To date, privatisation has generally been no bad thing for the average British consumer – nor for those utilities whose management has succeeded in adapting to the rigours of the market. Contrary to the popular view, adaptation has not been limited solely to the rapid upward revision of board remuneration packages. In many cases, adaptation has been a root and branch affair, involving change at every level.
In the more successful instances, it is not unusual to find that new brooms have been deployed, new blood injected and new directions explored.
Utilities which have not gone down this road have increasingly found themselves at the wrong end of hostile takeover bids. The sight of a complacent management sitting on an under-achieving, and consequently, an under-valued asset base, is too tempting a sight for well-funded and better managed competitors to resist. The result has been a tendency for utility companies to divide themselves into the two opposed categories of predators and prey – again, no bad thing for the consumer if it ends up improving and extending services.
The board at Scottish Power appears to have resolved, at an early stage, to carve out a place for itself in the ranks of the eaters rather than the eaten – all in the interests of its customers and shareholders, it goes without saying. One manifestation of this resolve was the decision in April 1994 to appoint Ian Russell as its director of finance.
It is perhaps a touch unfair to begin by casting Russell quite so starkly in the role of acquisitions supremo, for his portfolio at Scottish Power is extremely diverse and challenging. His responsibilities now include overseeing information technology, public relations and strategic planning, in addition to the not inconsiderable burden of heading up the finance function in a FTSE 100 company. Nevertheless, his most noticeable claim to fame just at present is undoubtedly the skill with which he masterminded the acquisition of Southern Water, and his history to this point speaks loudly of his interest in, and affinity for, the analytical precision of the neat acquisition.
It was, of course, not ever thus. Russell’s career started out as humbly as the next chartered accountant’s. A Scottish lad, born and raised in Edinburgh, his first step on the road to Scottish Power was an accountancy based degree, a BCom, as it was known a few decades back, undertaken with the express intention of becoming a chartered accountant.
This initial hurdle successfully overcome, and feeling the need for a certain broadening of perspective, he set course for London. Thomson McClintock, in those days, was, he says, the only audit firm which allowed its aspirant audit clerks to register for the Scottish Institute examinations from a London base, so, in 1974, this was the firm he joined. Russell qualified in 1977 and gave the firm one further year, just to be sure, as it were, before turning his back on the world of the practising auditor.
“Life as an audit partner in a major firm probably holds a great deal of interest, but I was impatient to get into commerce – I always felt I was more of a do’er than the profession could accommodate,” he says reflectively. For Russell, getting his hands dirty in the work-a-day world of commerce meant plunging them up to the elbows in chocolate. Mars – still one of the best management training grounds in the UK, in his opinion – was his first port of call.
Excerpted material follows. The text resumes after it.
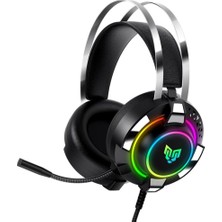 Asitan Soundgate Rgb 7.1 USB Gaming Mikrofonlu Oyuncu Kulaklığı, 7.1 Surround Ses, Rgb Aydınlatma, Gür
He spent three years as a financial accountant with the company, trying, as he says, to acquire some man management and commercial business skills, as well as getting to grips with the client side of financial processes.
Mars was – and is – a private company, so while there was a great deal it could teach the erstwhile auditor about business practice, Mars could not provide Russell with much practical insight into quoted company/Stock Exchange related work. His next stop, in 1981, was the Terry Maher conglomerate Pentos. At the time Pentos was still feeling the effects of recession, and was in cash-raising mode.
Russell came under the direction of Ian Duncan, now finance director at Tomkins, and worked as his lieutenant on the finance side. “Essentially, what we were doing was selling businesses to generate the cash to keep Pentos afloat,” he recalls, with a certain relish for that old challenge.
It turned out to be a tight-rope act conducted at the sharpest possible end of commercial practice. “Ian was a great mentor. He introduced me to a number of commercial skills that I had not picked up – nor dreamed of picking up – at McLintocks or Mars. They were not exactly printable skills, but they were all legal,” he notes.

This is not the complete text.